Over on United We Game, I’ve been working on a series called “My ‘Deserted Island’ Games.” Each week I’ve been picked a system and up to five games that I’d want to have for that system on my hypothetical l deserted island. It’s been an interesting exercise in want and memory, and it’s reminded of (1) how many games I’ve so far covered on this blog, and (2) how difficult it is to pick games that are more than just favorites, but those that could stand the tests of sentiment and time. My most recent “deserted island” post covered the Nintendo 64, one of my all-time favorite systems. And in the comments, the Duck of Indeed noted the choices of Banjo-Tooie vs. Banjo-Kazooie. While I have stronger emotions attached to Banjo-Kazooie, Banjo-Tooie was a wonderful game, and a great sequel in its own right.

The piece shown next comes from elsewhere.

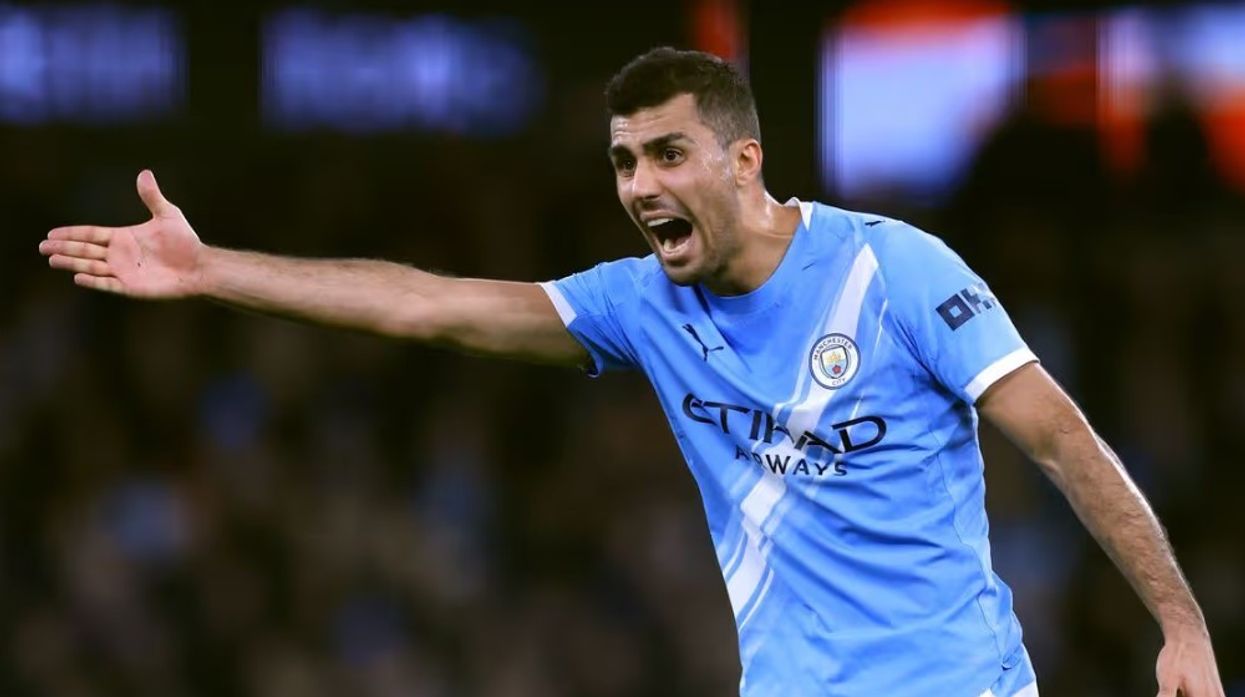 Rodri kërkon falje për deklaratat ndaj gjyqtarëve pas ndeshjes me Tottenham Rodri kërkon falje për deklaratat ndaj gjyqtarëve pas ndeshjes me Tottenham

Banjo-Tooie did not mark some revolutionary departure for Banjo the bear and his trusty sidekick, Kazooie the bird. Instead, the game picked up a couple years after Banjo and Kazooie had seemingly defeated Gruntilda the Witch. While Banjo and Kazooie have been enjoying life under the premise that yes, ding dong the witch is dead, Gruntilda was, in fact, in “stasis” under the rubble of Spiral Mountain. At the beginning of Banjo-Tooie, Gruntilda is rescued by her two sisters, Blobbelda and Mingella, and the trio immediately proceeds to make life miserable for Banjo, Kazooie, and their friends Mumbo Jumbo the shaman and Bottles the mole. Gruntilda travels to Banjo’s house while he’s with his friends and destroys it. In a shocking twist for a friendly game, only three characters escape while Bottles is killed (super sad face). After the carnage, Bottle’s ghost emerges and begs to be brought back to life. From there Banjo, Kazooie, and Mumbo Jumbo go off on a quest to save their friend and stop Gruntilda once and for all.
This second round of adventures with Banjo and Kazooie was no less incredible than the first. Banjo-Tooie contained Rare’s signature graphics, which were colorful, vibrant, and beautiful. The game differed from its predecessor in level design and how players accessed those levels. The game was no less challenging than Banjo-Kazooie, and it might have even been a little more entertaining story-wise. There were plenty of puzzles, secret areas, and things to find and discover. And all of it was held together by a brilliant, poppy soundtrack. While Banjo-Kazooie means more to me sentimentally, Banjo-Tooie is probably the better of the two games.
The only thing Banjo-Tooie didn’t have going from it was timing. Nintendo released the game at the end of 2000 — near but not at the end of the N64’s lifespan. The Playstation 2 had been introduced earlier in the year and there were lots of rumblings about some new console from Microsoft called an X-something-or-other. While plenty of N64 and Rare fans flocked to the game, plenty of eyes were trained on Sony and Microsoft. Banjo-Tooie was a very well-received and acclaimed game, but it probably wasn’t as successful as it could have been had it been released earlier. For me, Banjo-Tooie was a rental because, at the time, it was either that or Majora’s Mask (the last N64 game I ever bought). Though I loved spending time with that crazy bear and bird, Majora’s Mask was definitely the better investment.
Over a decade later, Banjo-Kazooie and Banjo-Tooie remain immensely fun and playable 3D platformers. If you haven’t played either of these games, I’d at least recommend getting to Banjo-Kazooie before, y’know, the end of days and all that; but Banjo-Tooie is just as good, if not a little better. Banjo-Tooie also offered local multiplayer (is this function still available in its emulations?), so if you ever wanted to play as a member of this cavalcade of awesome Rare characters, Banjo-Tooie is this game is for you.